Le premier enjeu est sécuritaire car la zone “fait toujours l’objet d’une contestation de la part d’éléments séparatistes basés sur le territoire algérien”, écrit M. Boutin sur le site français Theatrum belli, faisant observer que le Maroc “estime que c’est dans le cadre d’une négociation multipartite, engageant aussi les deux États voisins, la Mauritanie, et à plus forte raison une Algérie particulièrement impliquée dans le soutien au Polisario, qu’une solution peut se dégager”.
Cette négociation, comme l’a rappelé le Souverain, souligne l'expert français, “a vocation à se placer dans le cadre onusien et à se fonder sur l’Initiative marocaine d’autonomie, un plan d’autonomie qui offrirait à ces provinces, au sein du Royaume, une réelle prise en compte de leurs spécificités, d’abord, mais aussi, dans le cadre d’une décentralisation poussée, les moyens de faire vivre cette identité".
Rappelant que cette approche, plusieurs fois qualifiée dans les documents diplomatiques onusiens d’approche « réaliste », M. Boutin relève que SM le Roi a regretté certains agissements du front Polisario, qui depuis des années, “pour exister sur la scène internationale et fidéliser les quelques rares soutiens dont il bénéficie encore” multiplie les provocations "dans la zone démilitarisée comprise entre le mur de défense établi par le Maroc pour empêcher les incursions sur son territoire et les frontières de ses États voisins, Mauritanie ou Algérie, une "zone-tampon » délimitée comme telle dans le cadre des accords de cessez-le-feu".
Depuis quelques années, le front Polisario effectue de manière régulière, des blocages dans la partie de la zone située entre le poste-frontière marocain de Guerguerat et la frontière mauritanienne, soumettant les véhicules qui empruntent la route reliant le Maroc et la Mauritanie à des contrôles “qui n’ont pas lieu d’être – voire interdisant temporairement le passage”, déplore-t-il encore.

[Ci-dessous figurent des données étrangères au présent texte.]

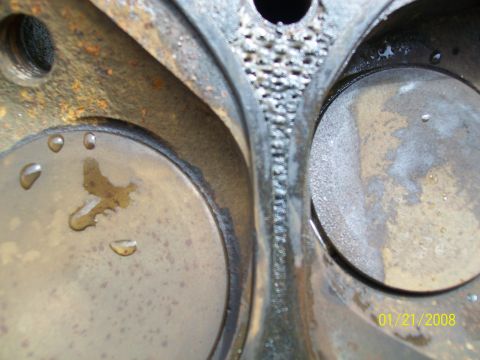 1972 Ford Ranchero - Close-up of an engine cylinder head with visible rust and water, indicating potential internal damage.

“Le Souverain marocain s’est toujours refusé à répondre à de telles provocations, d’ailleurs condamnées par la communauté internationale, et la seule action des forces armées royales sur ce passage, ces dernières années, a consisté à tenter d’améliorer le réseau routier et à enlever des carcasses de véhicules abandonnés qui servaient à divers trafics”, observe M. Boutin, ajoutant que dans cette ligne de conduite, SM le Roi a rappelé dans Son dernier discours qu’il appartient aux forces des Nations unies présentes sur la zone de faire appliquer l’accord de cessez-le-feu, la Minurso, d’intervenir pour rétablir l’ordre.
“Alors que la zone sahélienne est, on le sait, une zone où se mêlent trafics en tout genres et terrorisme, et ce de manière particulièrement imbriquée, on peut se féliciter de voir sa façade atlantique contrôlée de manière efficace par le Maroc”, souligne l’expert français, qui estime en ce sens qu’"interdire que se perpétuent des provocations qui n’aboutiront qu’à créer un sentiment d’instabilité devrait être une priorité, non seulement des forces onusiennes de maintien de la paix, mais aussi pour tous les États de la zone et, au-delà, pour tous ceux qui ont intérêt à sa stabilité”.
Selon lui, le deuxième “point important” du discours royal concerne “la prise en compte, plus encore qu’elle ne l’était, de la dimension maritime du sud de la façade atlantique du Royaume”, où le Maroc envisage d’y créer un port de réception et d’éclatement de containers qui sera l’équivalent de celui mis en place sur la façade méditerranéenne, Tanger-Med.
“Parce qu’il générera nécessairement une arrière zone ouverte aux entreprises, parce qu’il aura des conséquences qui se prolongeront sur un hinterland africain à développer, il s’agit d’un projet qui concerne, au-delà du Maroc, toute la partie ouest d’une zone sahélienne dont on connaît les fragilités économiques”, note M. Boutin.
“Apportant des solutions claires pour la stabilité et le développement d’une zone particulièrement sensible, le dernier discours du Souverain marocain, qui tire le bilan de plusieurs années de politique saharienne du Maroc et ouvre des perspectives pour l’avenir, est celui d’un partenaire ancien et fiable en matière de sécurité, et d’un Chef d’État qui entend laisser à la négociation et au dialogue toutes leurs chances, respectueux des principes de la diplomatie internationale. En 2020 plus que jamais, dans un monde où se multiplient les conflits et les risques, nous avons collectivement besoin de telles approches”, conclut-il.